Incoherent Probability Judgments in Large Language Models
Jian-Qiao Zhu, Thomas L. Griffiths
TL;DR
The paper investigates whether autoregressive LLMs produce coherent probability judgments by applying probabilistic identities and eliciting repeated judgments across 24 event pairs. Using prompts that constrain outputs to $[0,1]$ and analyzing four models at different temperatures, the study finds systematic, human-like incoherence in the identities and a mean-variance inversion in repeated judgments. The authors show that these patterns align more closely with a Bayesian Sampler account than with additive noise models, connecting the autoregressive objective to implicit Bayesian inference via de Finetti exchangeability. This work suggests that adjusting the degree of inferred incoherence, rather than purely calibrating to frequencies, could improve AI probability judgments and highlights a productive synergy between Bayesian theory and neural networks for understanding machine and human cognition.
Abstract
Autoregressive Large Language Models (LLMs) trained for next-word prediction have demonstrated remarkable proficiency at producing coherent text. But are they equally adept at forming coherent probability judgments? We use probabilistic identities and repeated judgments to assess the coherence of probability judgments made by LLMs.
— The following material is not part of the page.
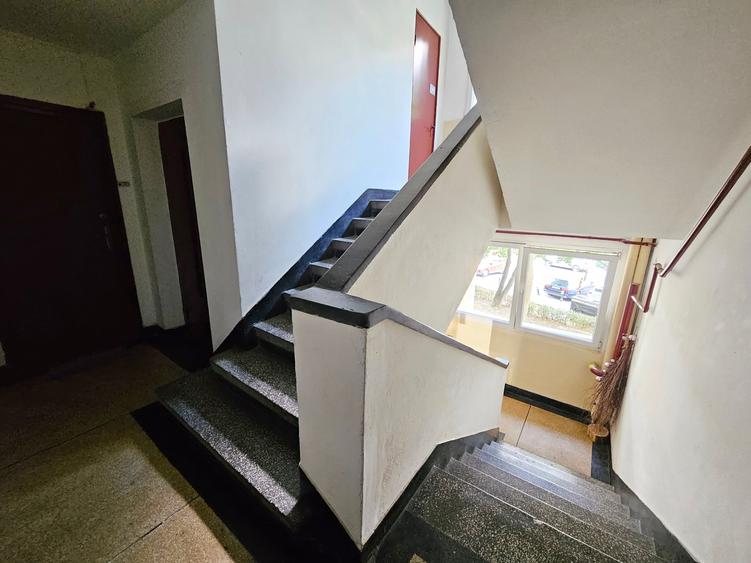 Apartament cu 2 camere semidecomandat în Lacul Tei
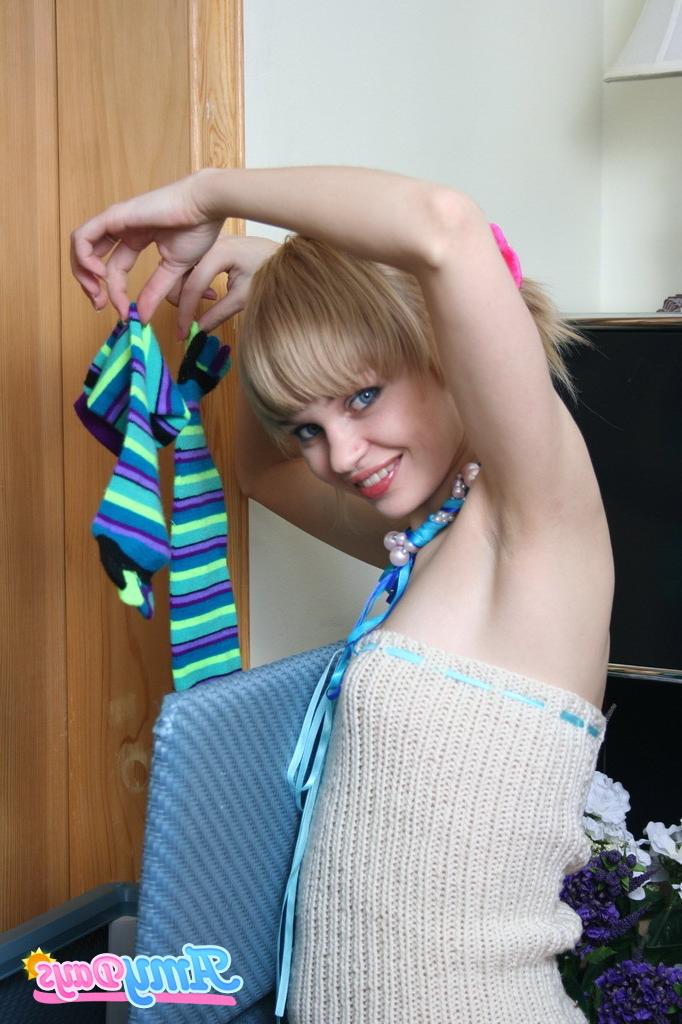 16P Perky tit skinny teen girl nude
Our results show that the judgments produced by these models are often incoherent, displaying human-like systematic deviations from the rules of probability theory. Moreover, when prompted to judge the same event, the mean-variance relationship of probability judgments produced by LLMs shows an inverted-U-shaped like that seen in humans. We propose that these deviations from rationality can be explained by linking autoregressive LLMs to implicit Bayesian inference and drawing parallels with the Bayesian Sampler model of human probability judgments.